If you’re looking for a serious relationship, the last thing you need is a guy who is only interested in dating for sex. The real problem with guys like this is that they’re rarely ever honest or upfront about their intentions. They’d much rather lead you along until they get what they want and then bail. Watching out for these tell-tale signs can you spot a player from a mile away so you can avoid him and not waste your time.
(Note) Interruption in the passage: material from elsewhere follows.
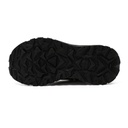 Peak Taichi Outdoor Shoes Black/Sliver Gray Black/Sliver Gray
- Netflix and chill is his idea of a date. If he invites you over to his place for the very first date, there’s a good chance he’s a player. He’s probably trying to get you into his bed as quickly as possible and doesn’t want to bother pretending like he wants to go on a real date with you. Some players might take you out for a drink or dinner once or twice, but as soon as you sleep with them, he stops taking you out. All your “dates” start and end in his house or yours. You hang out together a lot but rarely ever in public.
- His actions don’t match his words. He swears that he adores you and cares a great deal about you but he never calls, doesn’t text first, or reply your messages on time. He makes promises and plans, but he never follows through. When you make future plans involving the both of you, you’re never sure that he’s going to show up. He constantly talks about how much he misses you when you’re apart, but the relationship never seems to be moving forward.
- He won’t let you meet his friends. When a guy wants you to be a part of his life, he’ll make an effort to integrate you into his circle. He’ll introduce you to his friends and family. He’ll want to show you off to the people who mean the world to him. The last thing a player wants is for you to get any ideas about your place in his life so he’s going to isolate you from his social circle. If he does let you meet his friends, they’ll show very little interest in you because they know you’re just the fling of the moment.
- He’s not interested in getting to know you. A guy who doesn’t ask you personal questions, let you peek into his mind, or discuss important topics with him isn’t interested in your thoughts or opinions because he doesn’t really want to be with you. He’s only here for a good time and nothing more. If he’s only focused on just having fun, going to parties, watching movies, sex, and other distractions, he’s likely playing you.
- He comes on strong and super smooth. Players are really smooth talkers. They’ve perfected the art of flirting and romance because they’ve had to do it a lot with a ton of women. They know how to make women swoon and fall at their feet. They’re also terribly persistent. Once they set eyes on you, they won’t let you slip away until they’re done with you. They always try to move the relationship forward quickly, not because they want commitment, but because he wants to get naked with you fast.
- The mention of commitment makes him wither. Does the guy you’re seeing avoid any conversations about the relationship? Is he always talking about how he’s not looking for a relationship right now or doesn’t believe in them? Does he disappear when things appear to be getting serious? Maybe he prefers not to label things and uses vague terms to describe what the two of you have. I hate to break it to you, but that man is a player.
- He changes his tone to match your desires. When you first start talking, he might say that he’s not really looking for something serious but just wants to see how it goes. But after a couple of dates and you still don’t put out because you’d like to keep sex off the table until you’re sure the relationship is going somewhere, he’s going to start hinting that he’s also open to a relationship. He’ll make it seem like he wants to become your boyfriend. He’ll say anything you want to hear just to get you into bed.
- He’s inconsistent. One day he treats you like the absolute love of his life, spoils you with attention and gifts, and acts like he’d be lost without you. The next, he stops texting you for some reason, you don’t hear from him for weeks, and he claims to be too busy to hang out. You’re never sure where you stand with him and you’re always trying to figure out what his intentions are or why he keeps running hot and cold.